At the time, I was at that age where I was not that impressed with being in the middle of nowhere. Instead, I just wanted to do teenager stuff like run around in the woods with my friends or simply stay inside my cabin and read some paperback book that I took along. But my father was excited and woke me up every morning at 4 AM to watch the sunrise as we cast our fishing poles off the dock. By the end of the week, I ended up catching the biggest walleye out of the troop.

Since that trip, every summer, to this day, I long for spending time in nature. The wide open lakes, the sound of the loons, the smell of a campfire, and sight of the northern lights. But nothing reminds me more of that than of the great state of Minnesota. In June 2006, as I was coming to end of my journey on the Boy Scout trail and advancing towards the lifetime rank of Eagle Scout, my father had this grand idea for me to continue my career in Scouting by encouraging me to apply for my first ever job as a camp counselor at Camp Wilderness, a Boy Scout camp in northern Minnesota.

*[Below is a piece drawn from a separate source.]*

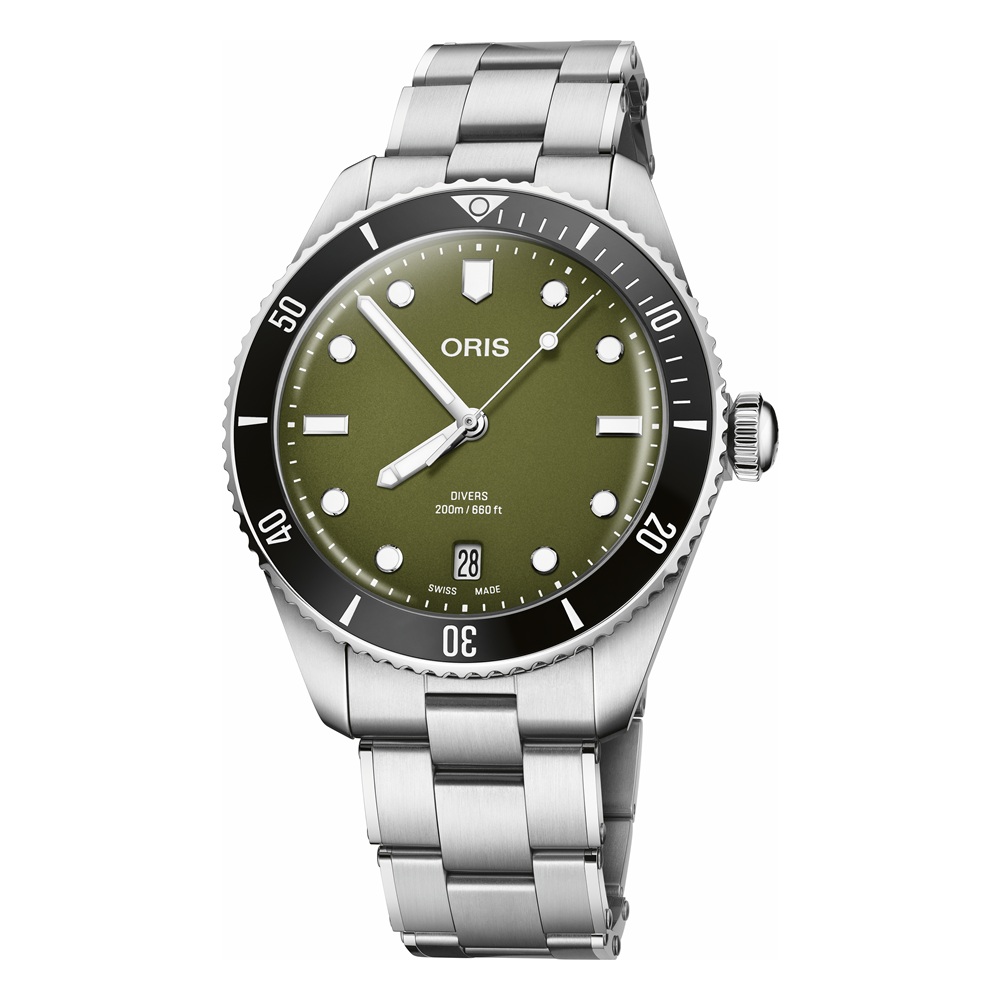 Часы ORIS  01 733 7795 4057-Set Мужские швейцарские часы, автоматический механизм, сталь, 39 мм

His reasoning was he wanted me to have a “life experience” and not work the boring, in-town job at a local McDonald's like other teens. Despite being against the idea at first, in retrospect, the summer of 2006 was one of the best summers of my life due to my time spent as a counselor.

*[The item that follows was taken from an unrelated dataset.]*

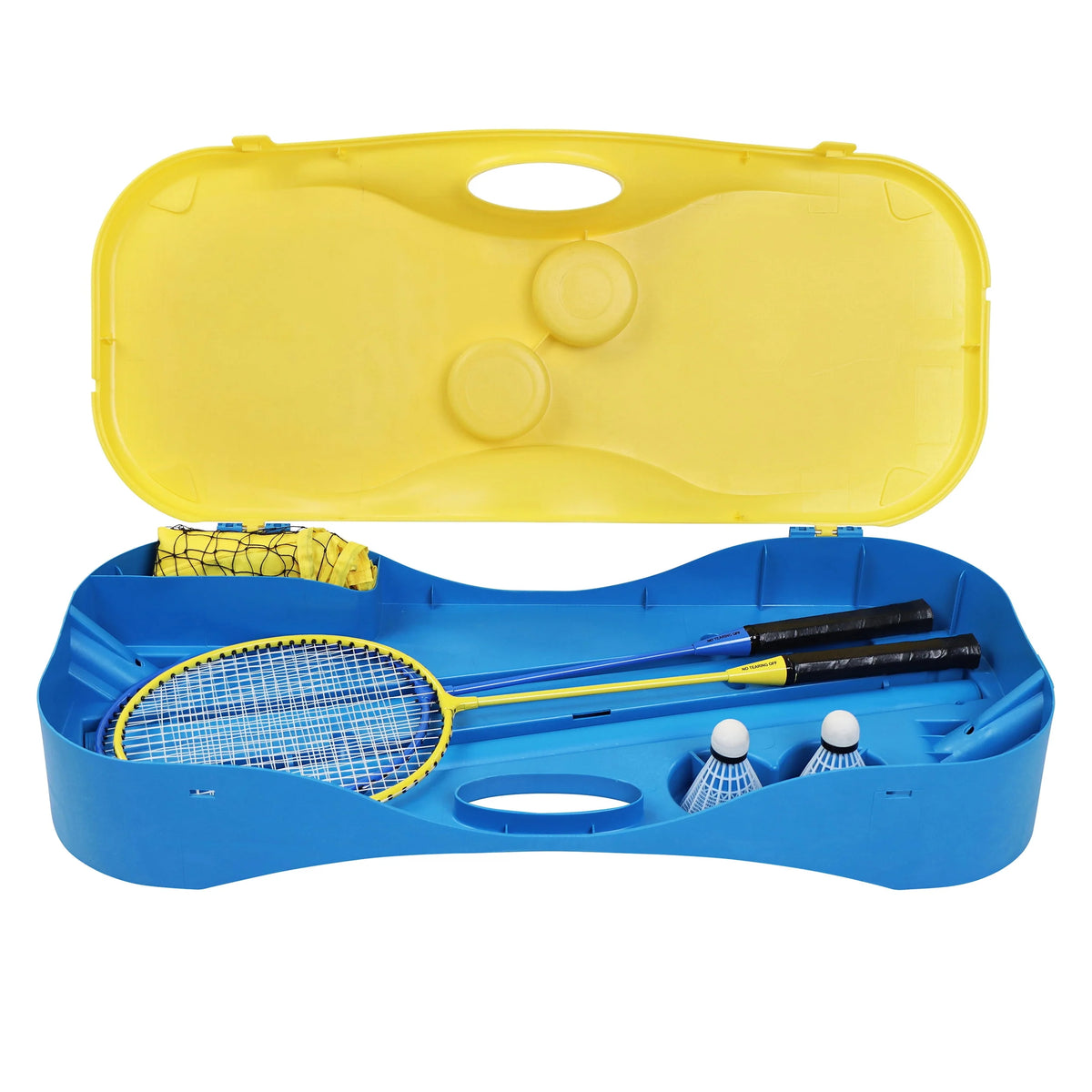 Outdoor Badminton Set with Net Rackets and Birdies R38532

In fact, I enjoyed it so much that I continued going for seven more summers, even becoming a counselor at my sisters’ Camp Fire Girls summer camp. Dad and the family did visit me often on weekends. While Mother took us to cute nearby towns to enjoy an ice cream cone, Dad took me on even more camping trips like to Bemidji State Park or to Lake Itasca, the source of the Mississippi River.
> It was during these trips that I picked up another trait from my father: becoming that annoying know-it-all guy on a vacation who points out historical landmarks only to give a history lesson to those who listen. In repeated trips to Bemidji, I don’t know how many people I have told people that the local Dairy Queen is built on the sight of tribal huts of Chief Bemidji.

As me and my siblings became older, our days spent as counselors became numbered. Gone were the days of long summer camping trips with the Boy Scouts. Instead, the focus became on smaller, trips to go kayaking. It was time for us to spend as a family, reminiscing with stories around the campfire about previous camping trips. During the kayaking trips, Dad chose to go to places that we had never been before, mostly so that he could buy a new T-shirt from the gift shop.

On one Fourth of July trip, we were kayaking through the Old Broken Down Dam on the river as I calmly paddle down river, texting some girl on my phone, as Cole and Dad excitedly awaited upcoming rapids. Dad warned me to put away my phone as the current will become stronger and that I might drop it. While I insisted that he was wrong that I won’t drop my phone, I didn’t predict that I was going to fall out of my kayak and into the water.

While I survived just fine, my phone did not. I was upset, but Dad knew how to help… by taking us all to our traditional last stop: Pizza Ranch Buffet!  Looking back, out of all the camping trips I have taken part of with the Boy Scouts or as a counselor, nothing has been more fun than giving me lifelong memories attending these trips with my father.

Happy Father's Day
Taylor Carlson
June 2017

Taylor Carlson is oldest son of Outside Adventure to Max blogger Nick Carlson. He grew up in Fargo, North Dakota and spent many summers in camping, hiking and boating in Minnesota. He now resides in Omaha, Nebraska.